What did you love best about Good Enough to Dream?

(Bias Alert) My dad is Eddie Wolfe, one of the ballplayers in the book. Not very many people get to look into a year in the life of one of their parents, before the rest of their lives took shape. I listened to this book as if my own dad was some sort of fictional character. I've heard some of these stories over the years but to hear it from a new perspective was awesome. My dad has always been my hero, and this book further solidified that for me.

What was one of the most memorable moments of Good Enough to Dream?

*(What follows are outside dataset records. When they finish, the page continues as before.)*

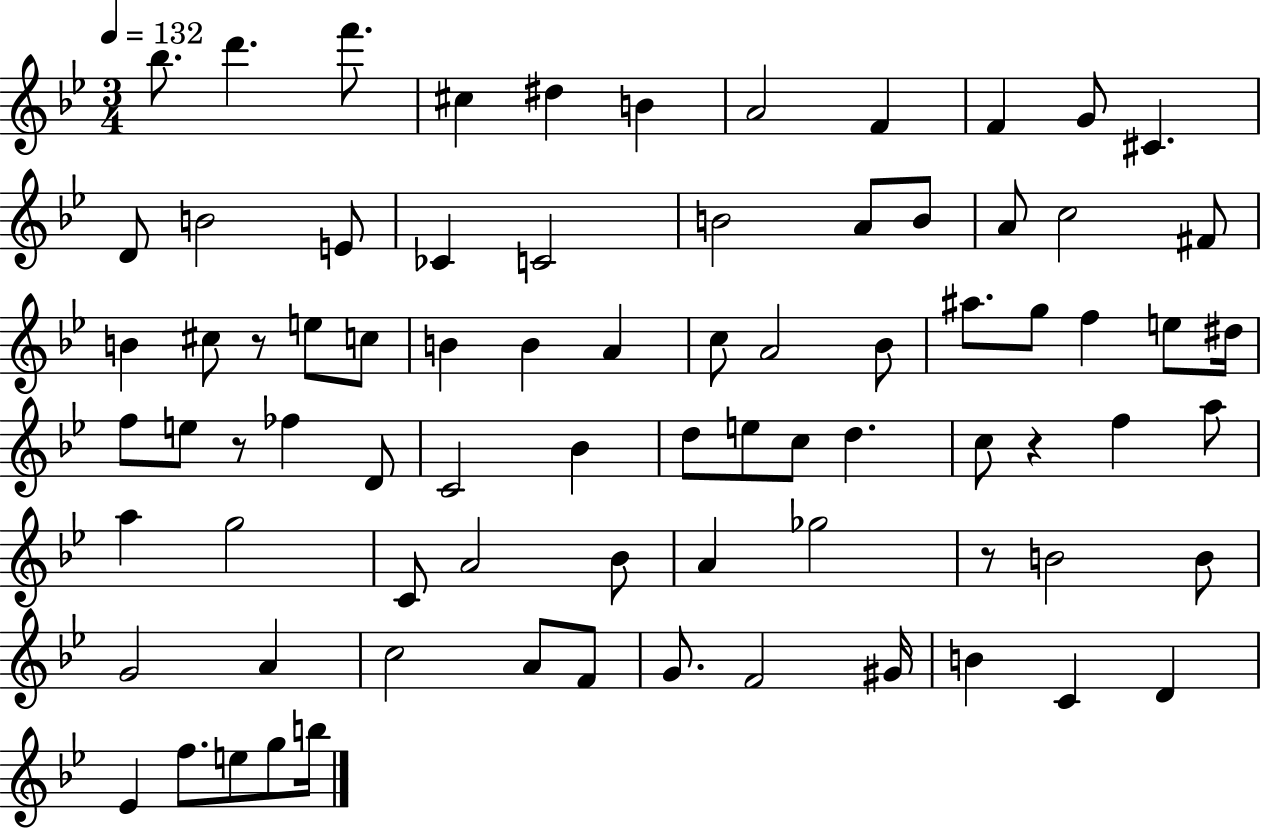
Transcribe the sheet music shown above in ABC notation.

X:1
T:Untitled
M:3/4
L:1/4
K:Bb
_b/2 d' f'/2 ^c ^d B A2 F F G/2 ^C D/2 B2 E/2 _C C2 B2 A/2 B/2 A/2 c2 ^F/2 B ^c/2 z/2 e/2 c/2 B B A c/2 A2 _B/2 ^a/2 g/2 f e/2 ^d/4 f/2 e/2 z/2 _f D/2 C2 _B d/2 e/2 c/2 d c/2 z f a/2 a g2 C/2 A2 _B/2 A _g2 z/2 B2 B/2 G2 A c2 A/2 F/2 G/2 F2 ^G/4 B C D _E f/2 e/2 g/2 b/4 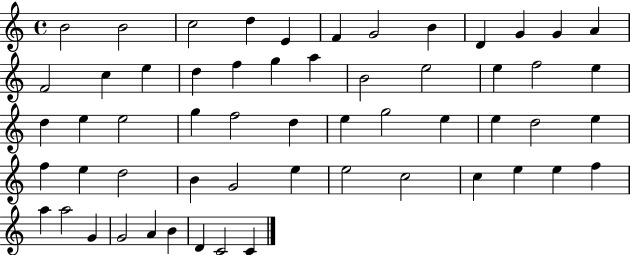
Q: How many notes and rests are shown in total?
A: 57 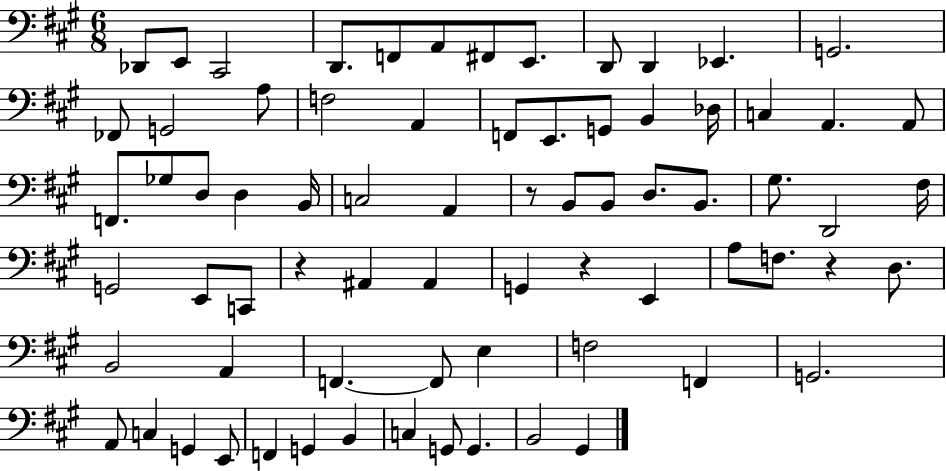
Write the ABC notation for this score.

X:1
T:Untitled
M:6/8
L:1/4
K:A
_D,,/2 E,,/2 ^C,,2 D,,/2 F,,/2 A,,/2 ^F,,/2 E,,/2 D,,/2 D,, _E,, G,,2 _F,,/2 G,,2 A,/2 F,2 A,, F,,/2 E,,/2 G,,/2 B,, _D,/4 C, A,, A,,/2 F,,/2 _G,/2 D,/2 D, B,,/4 C,2 A,, z/2 B,,/2 B,,/2 D,/2 B,,/2 ^G,/2 D,,2 ^F,/4 G,,2 E,,/2 C,,/2 z ^A,, ^A,, G,, z E,, A,/2 F,/2 z D,/2 B,,2 A,, F,, F,,/2 E, F,2 F,, G,,2 A,,/2 C, G,, E,,/2 F,, G,, B,, C, G,,/2 G,, B,,2 ^G,, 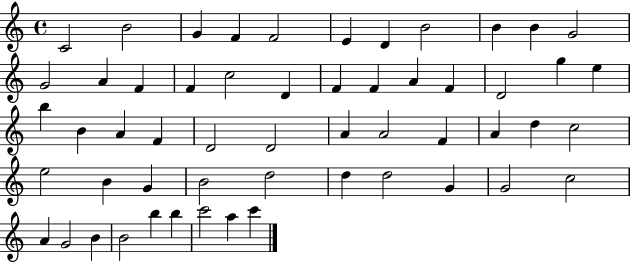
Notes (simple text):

C4/h B4/h G4/q F4/q F4/h E4/q D4/q B4/h B4/q B4/q G4/h G4/h A4/q F4/q F4/q C5/h D4/q F4/q F4/q A4/q F4/q D4/h G5/q E5/q B5/q B4/q A4/q F4/q D4/h D4/h A4/q A4/h F4/q A4/q D5/q C5/h E5/h B4/q G4/q B4/h D5/h D5/q D5/h G4/q G4/h C5/h A4/q G4/h B4/q B4/h B5/q B5/q C6/h A5/q C6/q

I love the part where Eddie Wolfe's at bat gets rained out and he has to sit for two days thinking about his high-pressure at bat coming in a pennant race. He fails, and then he becomes the hero in extra innings. I have seen him be resilient and overcome obstacles as my dad, but now I got to hear him do it as a player. That was pretty special for me.

Any additional comments?

The afterword was added in 2000 and tells a little about Roger Kahn and his daughter Alissa. I will add what I know about some of the other players.My dad, Eddie Wolfe, played his final game in 1983 after winning the championship. He has told me he was on his flight back to Phoenix with an empty bottle of champagne (apparently airlines had no rules back then) and he decided it wouldn't get any better than this and he wanted to go out on top. He began his coaching career the next season at his alma mater UTEP. He coached there from 1984-1985 before marrying my mom (still happily together after 32 years) and taking a job as the hitting coach at Grand Canyon University in Phoenix. He was there from 1986-2000, winning a NAIA National title his first season. In 2001 he took a head high school job at Agua Fria High School in the Phoenix area and coached there until he retired in 2011. His teams made the state playoffs in 8 of his 10 seasons and he was voted the Arizona Big School Coach of the Year in 2005. His Utica Blue Sox Championship ring has been on display in my parents home my entire life. I've always admired it, but the next time I go over there for Sunday dinner, I will appreciate it a little more and feel a better connection to it. I feel very lucky I can sit down and have a beer with one of the characters in this story, and have him tell me about it firsthand.Jim Gattis bounced around the minor leagues for a little while before becoming the head coach at the University of Wyoming in the early 90's. The program was abysmal when he got there, and they were rolling when he left. He now lives in southern California and runs a chain of coffee shops.Roy Maretti, who my dad still claims was good enough to pitch in the big leagues, passed away of lung cancer last year. Larry Lee is currently the head coach at Cal Poly San Luis Obispo.Finally, when I asked my dad about the book, he confirmed that everything Roger Kahn wrote was as it happened.